» Instructions for the task
Output exactly the lines from the one containing "Now PyFisher is" through the final line of the entries below, both included, and skip the pictures.

» Source material
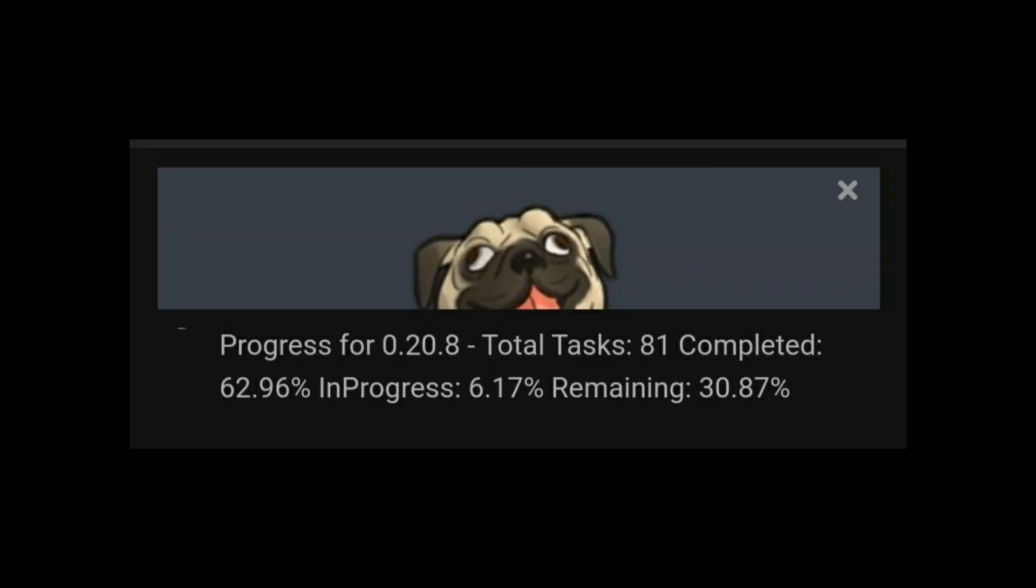Now I'm going to show you DarkCookie's progress. I found it on DarkCookie's page for version 0.20. Total tasks: 81, completed 62.96%, in progress 6.17%, remaining 30.87%. Guys, now I'm going to show you some leaked pictures of the new update, so stay tuned.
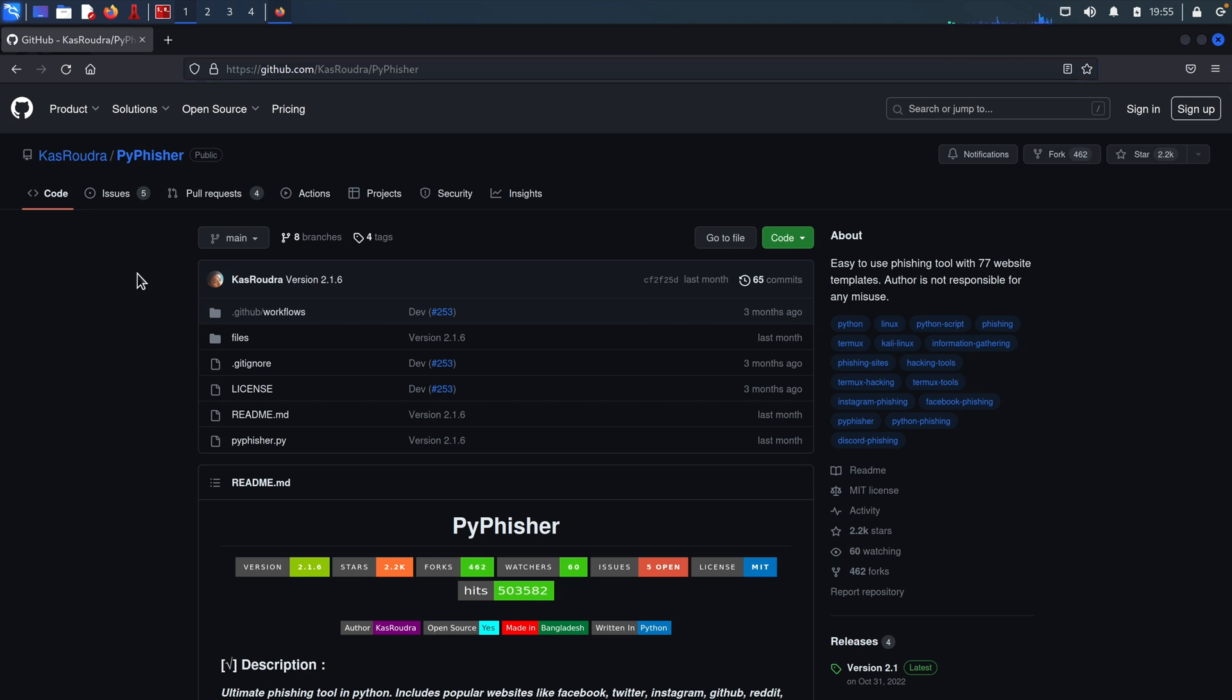Now PyFisher is essentially a tool that hackers can utilize to carry out phishing attacks with the ultimate goal of stealing sensitive information. This includes social media credentials such as username and passwords. Now we will be using this tool to take a behind the scenes look at how this can be accomplished.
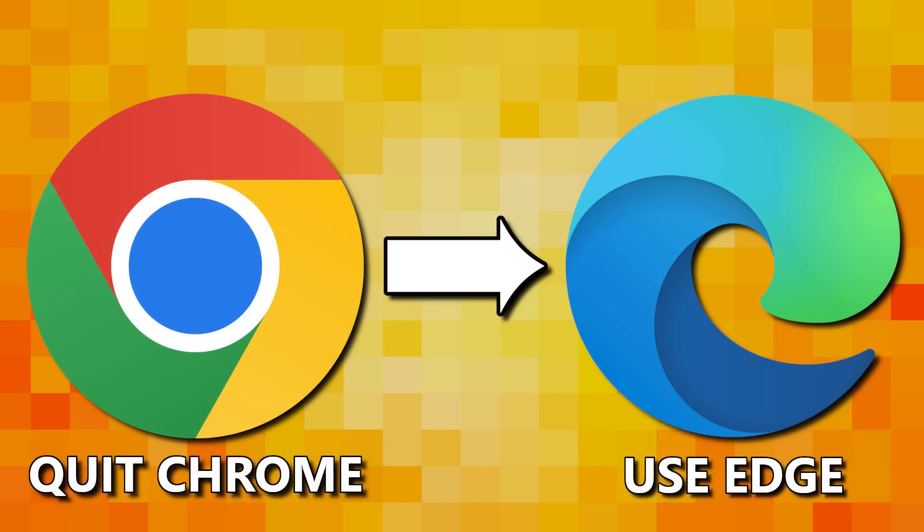If you've already made the switch from Chrome to Edge, let us know in the comments why you switched. And if you're new to our channel, subscribe and click the notification bell so you don't miss out on our latest software videos and other tech-related stuff here on TechGumbo.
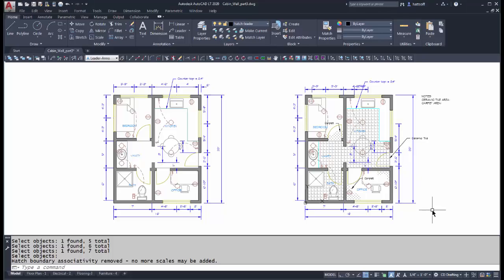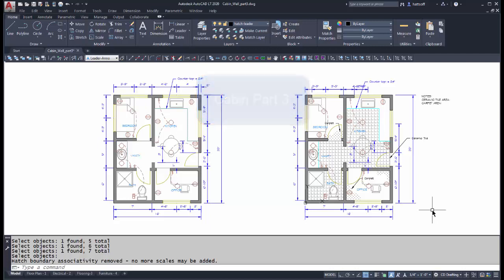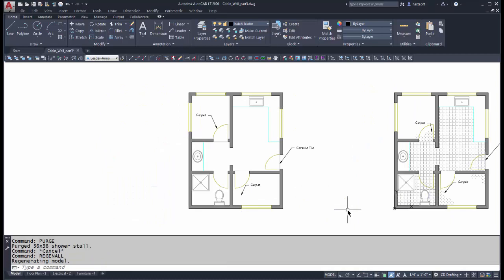Welcome back AutoCAD students. We are in part 3 of our cabin drawing. In this tutorial we are going to cover how to make a block out of the shower stall you created last week, how to add hatch to the drawing, and an additional layout tab, so that when we're done we have a four sheet set.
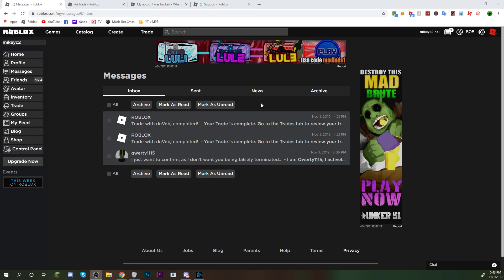Yo, what is up guys? In today's video, well, you know the last video where I just got that Dominus? It's gone.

» Response box
Now PyFisher is essentially a tool that hackers can utilize to carry out phishing attacks with the ultimate goal of stealing sensitive information. This includes social media credentials such as username and passwords. Now we will be using this tool to take a behind the scenes look at how this can be accomplished.
If you've already made the switch from Chrome to Edge, let us know in the comments why you switched. And if you're new to our channel, subscribe and click the notification bell so you don't miss out on our latest software videos and other tech-related stuff here on TechGumbo.
Welcome back AutoCAD students. We are in part 3 of our cabin drawing. In this tutorial we are going to cover how to make a block out of the shower stall you created last week, how to add hatch to the drawing, and an additional layout tab, so that when we're done we have a four sheet set.
Yo, what is up guys? In today's video, well, you know the last video where I just got that Dominus? It's gone.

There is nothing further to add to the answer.